SEC Recusals Highlight Revolving Door Dangers
The toll of the revolving door between the government and the securities industry was dramatically illustrated last week when two of the top five officials at the Securities and Exchange Commission (SEC) sat on the sidelines as the agency approved a settlement with JPMorgan Chase & Co.
The Wall Street Journal reported that SEC Chair Mary Jo White and Commissioner Daniel Gallagher recused themselves from voting on the settlement because of legal work they had done for JPMorgan.
The remaining three commissioners voted two-to-one to approve the settlement, which included a rare admission of wrongdoing by JPMorgan.
Andrew Ceresney, the agency’s co-director of enforcement, also recused himself, the Journal reported, because he represented JPMorgan when he was White’s colleague at Debevoise & Plimpton, a major law firm.
The Project On Government Oversight has raised concerns about the dangers of the revolving door before, including reports in February and March highlighting White and Gallagher’s potential conflicts.
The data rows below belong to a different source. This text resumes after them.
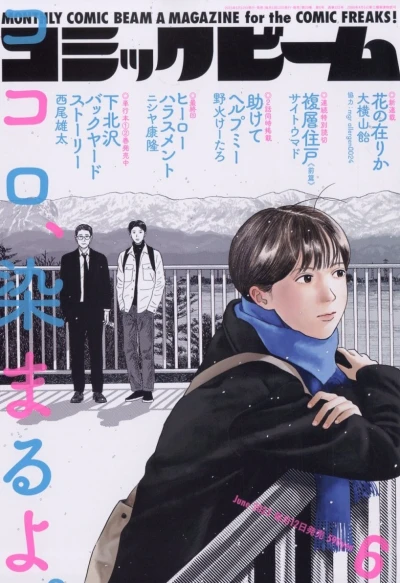 Cover of No. 6, 2023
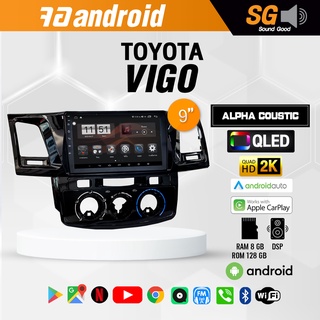 จอ Andriod จอตรงรุ่น TOYOTA Vigo ขนาด 9 นิ้ว !!! รับประกันถึง 1 ปี ยี่ห้อ Alpha Coustic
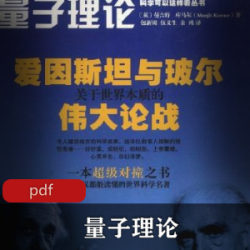 电子书《量子理论：爱因斯坦与玻尔关于世界本质的伟大论战》学术书籍推荐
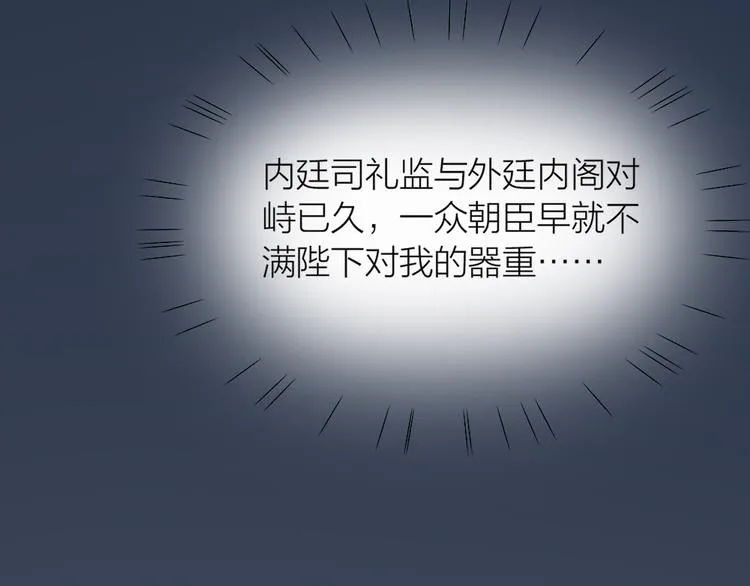 第三季 06无后之君 第40页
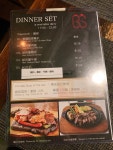 BG STEAK & PASTA in Causeway Bay Hong Kong | OpenRice Hong Kong Photo of BG STEAK & PASTA (Causeway Bay) - derek815002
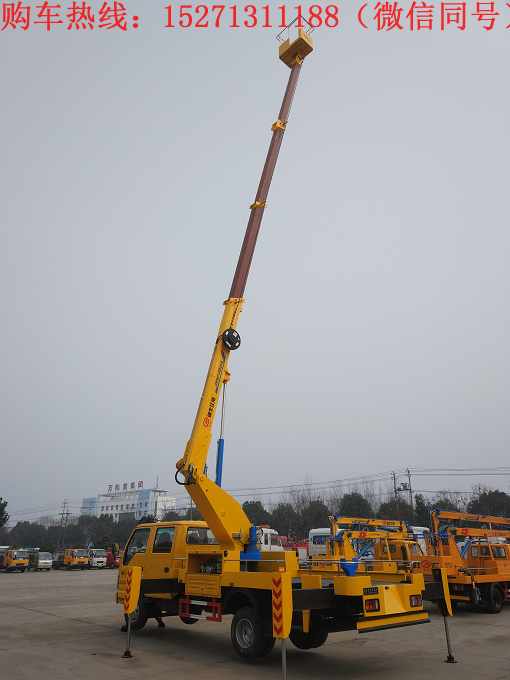 五十鈴20米直臂式升降車采用慶鈴600P底盤,五十鈴柴油國五發(fā)動機。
For instance, Gallagher’s former clients include powerhouse financial firms such as Bank of America, Deutsche Bank AG, and GE Capital Corp., according to a financial disclosure statement filed with the Office of Government Ethics.
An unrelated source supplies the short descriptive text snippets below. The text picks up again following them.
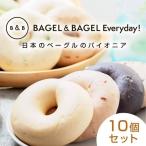 BAGEL&BAGEL 10個セット ベーグル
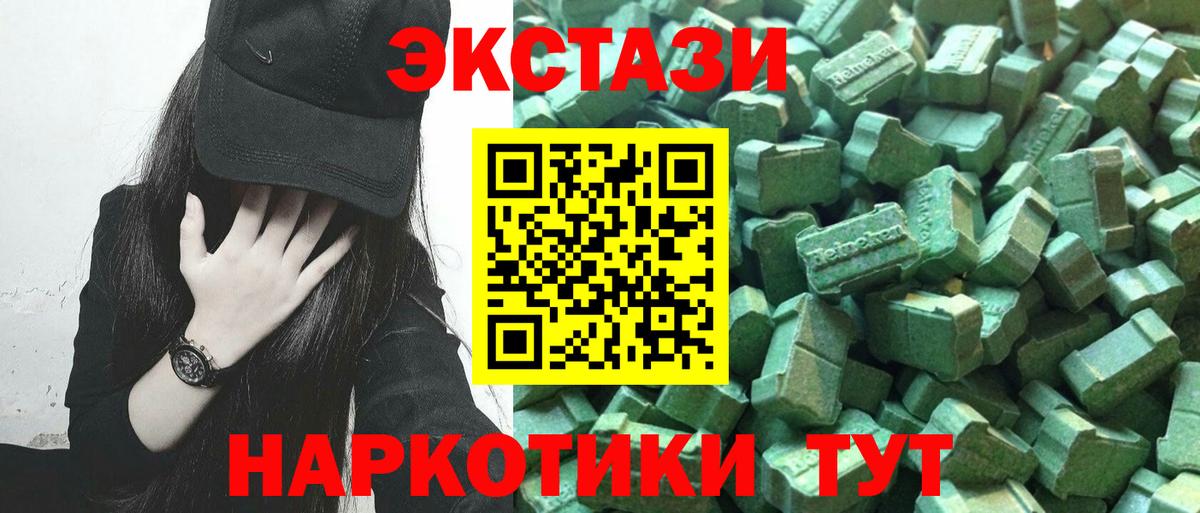 ЭКСТАЗИ VHQ  Вход с VPN  Экстази DUBAI  Ecstasy  Надым 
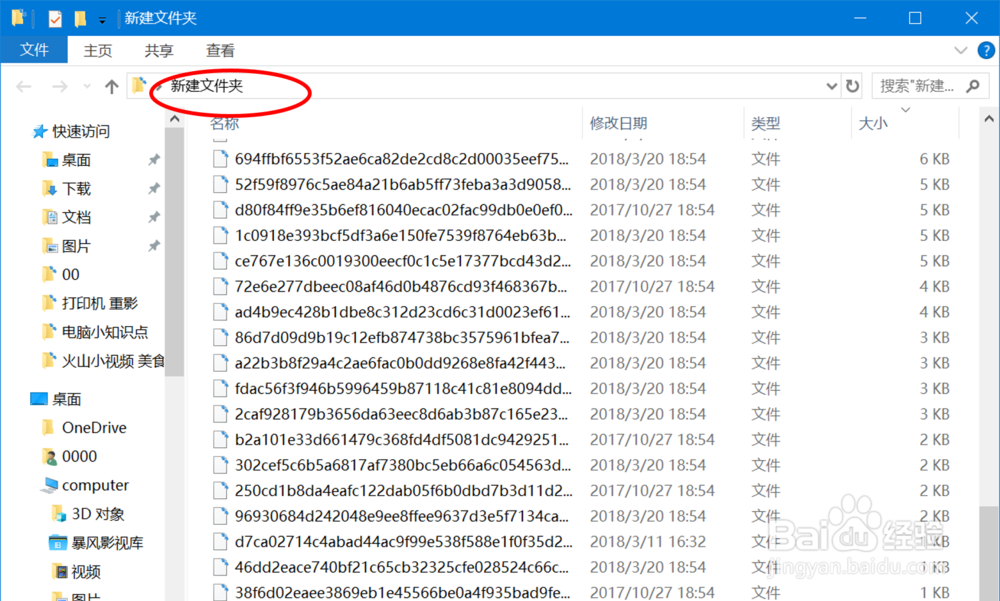 Win10聚焦锁屏壁纸怎么保存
When POGO requested ethics records relating to Gallagher—documents that would show how he and the agency manage potential conflicts of interest when confronted with matters affecting his former clients and the like—the SEC provided 10 pages in part and withheld 1,500 pages in their entirety. That left the SEC’s handling of the potential conflicts largely shrouded from public scrutiny.
When asked last year if recusals ever hinder the SEC’s work, an agency spokesman told POGO that the SEC “is blessed with a deep pool of talented experts on just about any issue that comes up, so it really hasn’t been an issue.” But these deep ranks do little when it comes to the SEC’s five, irreplaceable commissioners, who are often barred under federal ethics rules from working on matters affecting their past clients, including some of Wall Street’s most powerful firms. During a recent two-year period, at least one commissioner didn’t vote in 59 of the agency’s 118 closed-door meetings, according to records obtained by The Wall Street Journal.
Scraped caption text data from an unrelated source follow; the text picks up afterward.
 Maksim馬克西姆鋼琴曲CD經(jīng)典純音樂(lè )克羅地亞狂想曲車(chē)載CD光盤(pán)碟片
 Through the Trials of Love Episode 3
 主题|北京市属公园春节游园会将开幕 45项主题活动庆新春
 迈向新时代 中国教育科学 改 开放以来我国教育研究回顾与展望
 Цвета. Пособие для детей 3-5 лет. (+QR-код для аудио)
How effective can the SEC be when its commissioners are sitting on the sidelines? On the other hand, if the commissioners and other senior officials are permitted to work on issues affecting their former clients, how can the public be assured that the agency is acting with independence and objectivity? In either case, investors lose.
Even if the SEC cannot fully eliminate conflicts of interest, it should at least inform the public about how it handles those cases. In its February report, POGO called on the SEC and other federal agencies to provide online public access to recusals and other important ethics records.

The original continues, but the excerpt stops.